A website you use has millions of accounts, and every one of them has a password. Where does the website keep those passwords? The obvious answer — write them down in a database — is a catastrophe waiting to happen. Databases get stolen. When one leaks, every password in it is instantly in a criminal's hands, and because people reuse passwords, their email, banking and everything else falls too. So a well-built system does something that sounds almost paradoxical: it never stores your password at all, yet it can still check that you typed the right one.
The trick that makes this possible is hashing.
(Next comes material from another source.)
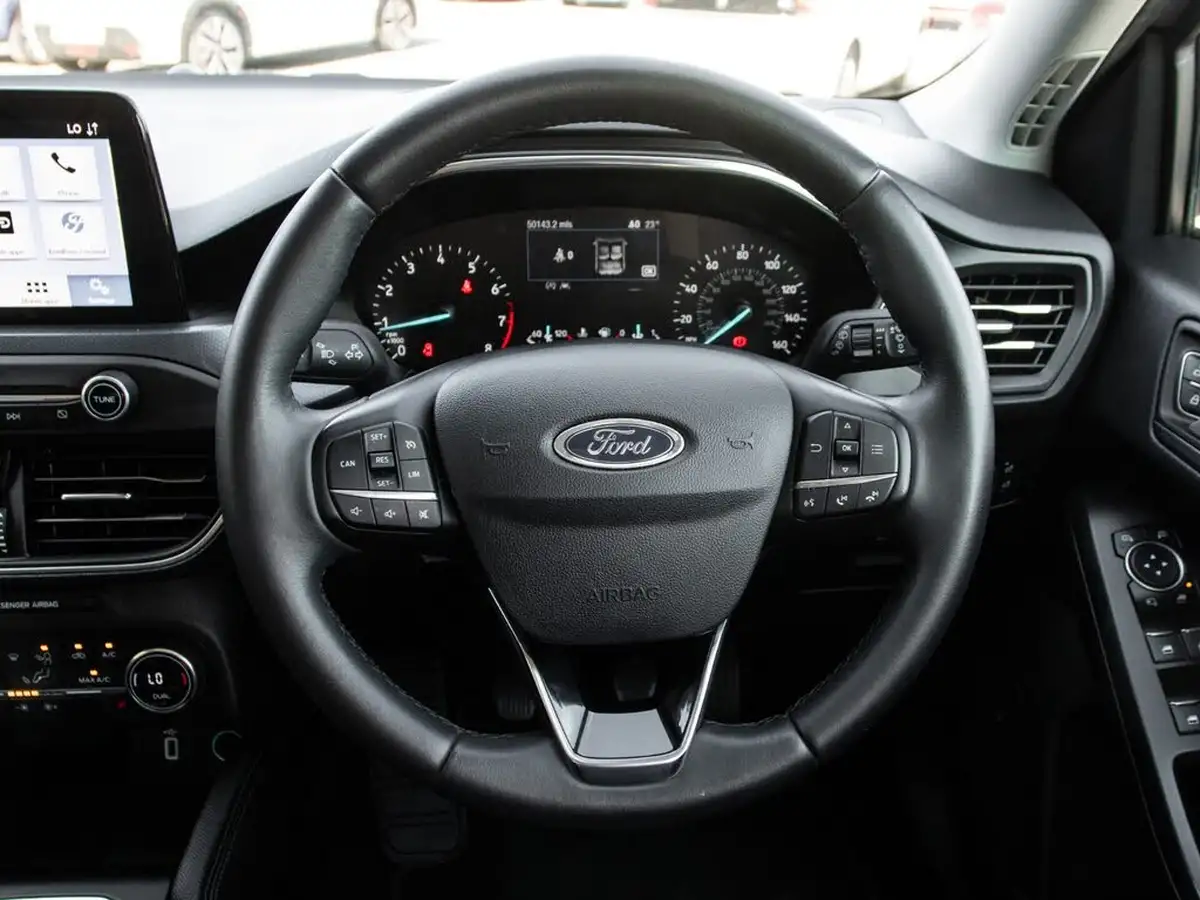 2019-ford-focus-15t-active-x-hatchback-big-20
A cryptographic hash function takes any input — a word, a password, a whole book, a video file — and crunches it down to a short, fixed-size string of characters called a digest (or just "the hash"). This one idea is the backbone of password storage, file-integrity checks, digital signatures and blockchains — and it is the single thing this page teaches.
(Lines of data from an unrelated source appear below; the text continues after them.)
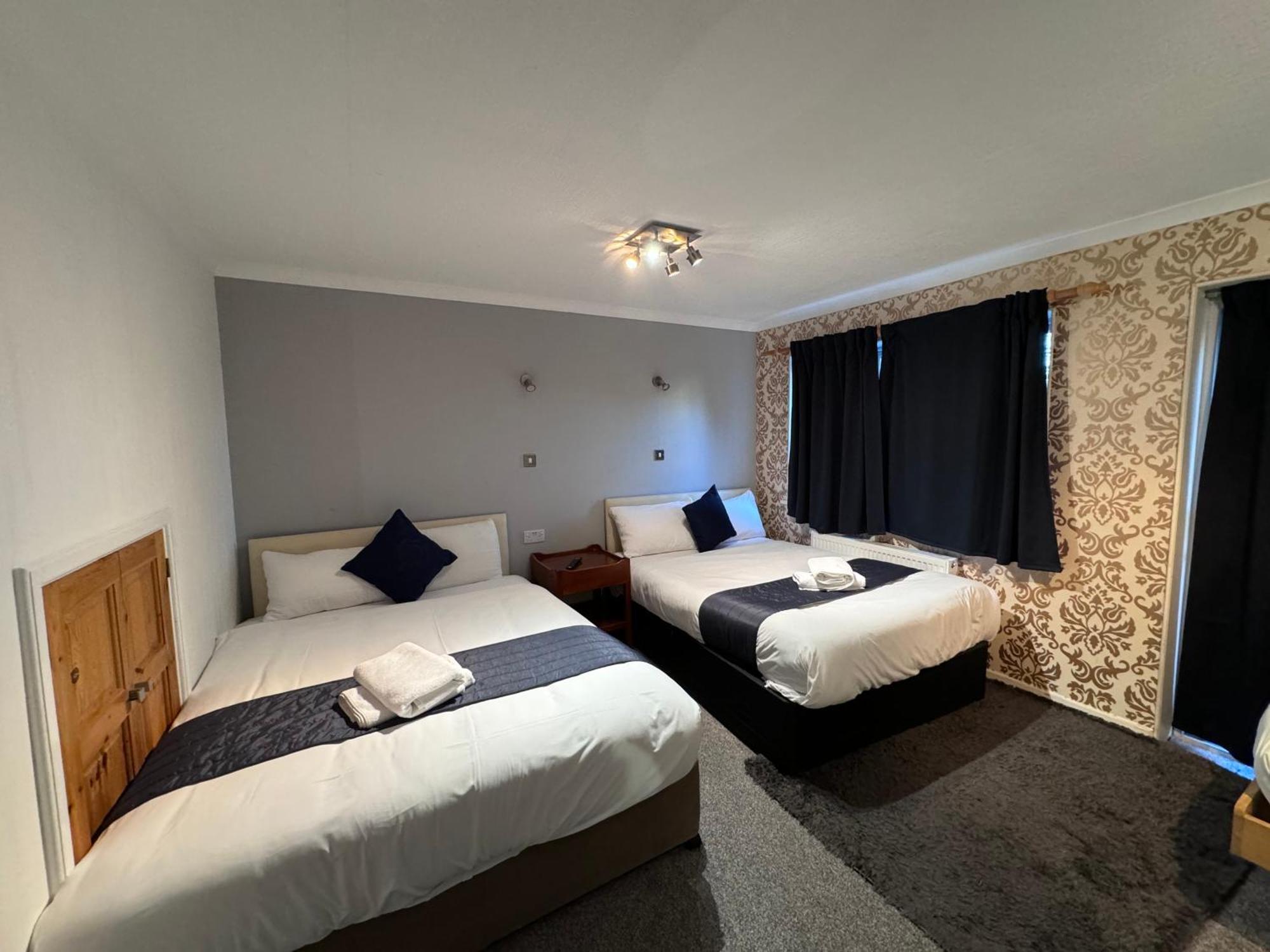 All Seasons Gatwick Guest House & Parking 홀리 외부 사진
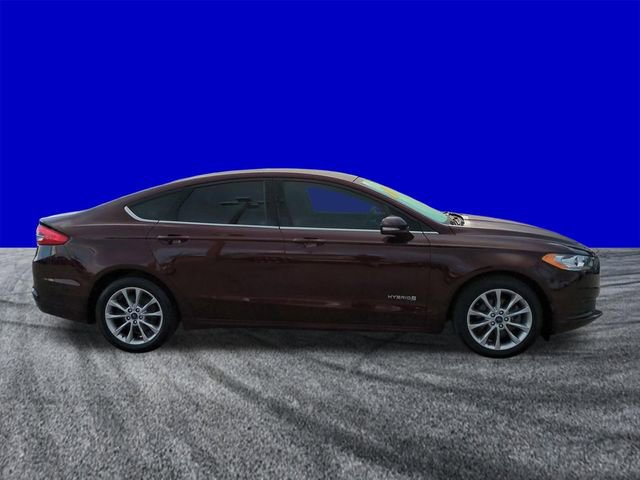 Certified 2017 Ford Fusion SE image 3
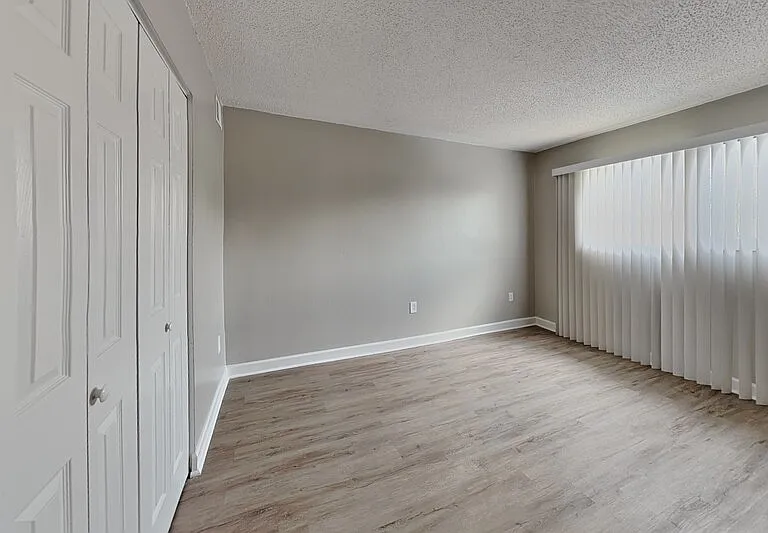 918 Lake Destiny Rd #E — Photo 22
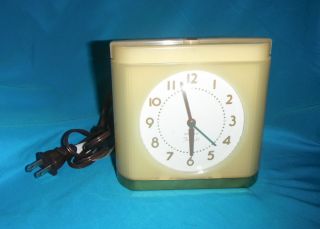 Vintage Big Ben Alarm Clock, Westclox, Electric w/ battery backup, new 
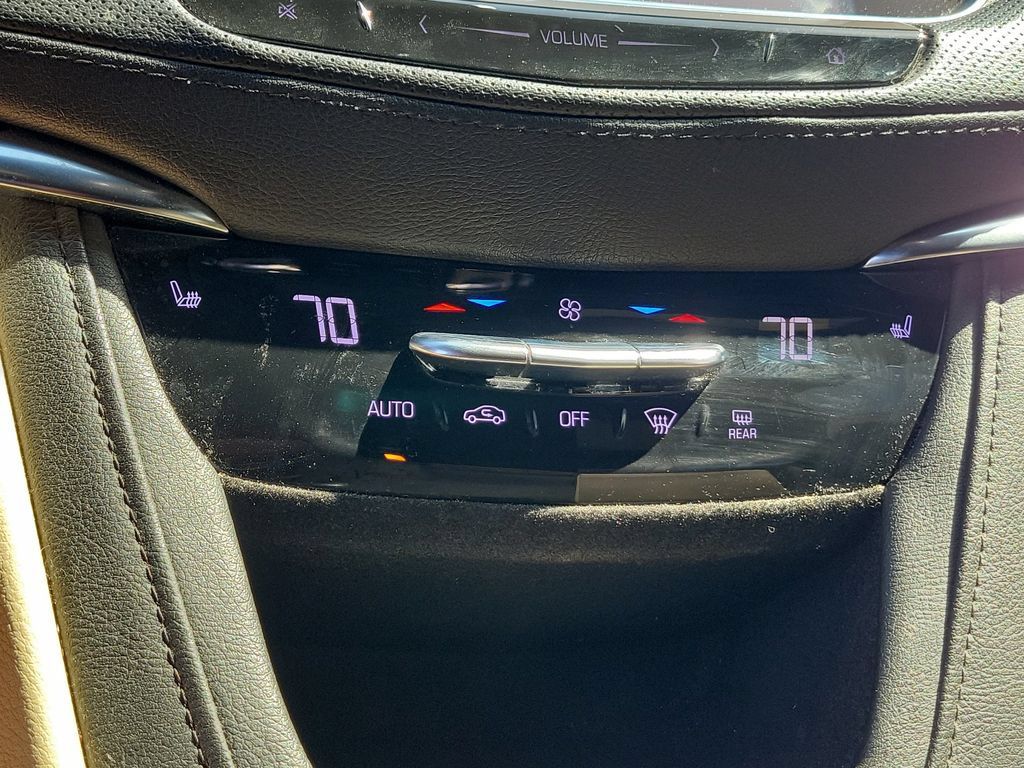 Used 2019 Cadillac XT5 Luxury FWD image 27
Picture a machine with a funnel on top: you pour anything you like in, and out of the bottom drops a
fixed-length fingerprint. Pour in the word cat and you might get
77af7784…; pour in the complete works of Shakespeare and you get a different string of
exactly the same length. The output is called a digest because the function has "digested" the
input down to a compact summary.
A real hash such as SHA‑256 always produces a 256-bit digest — written as 64 hexadecimal characters — whether you feed it one letter or a gigabyte. That fixed size is the first clue that hashing is a one-way street: a gigabyte of information cannot possibly be crammed into 64 characters, so the digest can never contain enough to rebuild the original. Meet the four properties that make a hash function genuinely useful.
The same input always produces the same digest, every time, on every computer, forever. If
hashing hunter2 gave a different answer each time, it would be worthless for checking
passwords — you could never match a login against what you stored. Determinism is what makes hashing
checkable: hash the password the user just typed, compare it to the stored digest, and if
the two digests match, the passwords matched.
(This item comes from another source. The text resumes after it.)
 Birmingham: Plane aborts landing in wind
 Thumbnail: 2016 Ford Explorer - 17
Given the input it is easy and fast to compute the digest; given only the digest it is practically impossible to recover the input. There is no "unhash" button. This is the property that lets a company store the digest of your password safely: even if an attacker steals the entire database of digests, they still can't read the passwords back out of them.
Think of it like a smoothie. Blending a strawberry and a banana into a smoothie is quick and easy — but no one can look at the smoothie and reconstruct the exact fruit that went in, still less put the banana back together. Hashing is a mathematical blender: easy one way, hopeless the other.
Change the input by the tiniest amount — flip a single letter, add one space, toggle one bit — and the digest changes completely and unpredictably. About half of the output characters flip, and there is no resemblance whatsoever between the two digests. A small change causes a huge, scattered effect, like a single pebble starting an avalanche. This is exactly why you cannot "creep up" on the answer by trying inputs that are close to the target: close inputs give you no hint at all, because their digests look totally unrelated.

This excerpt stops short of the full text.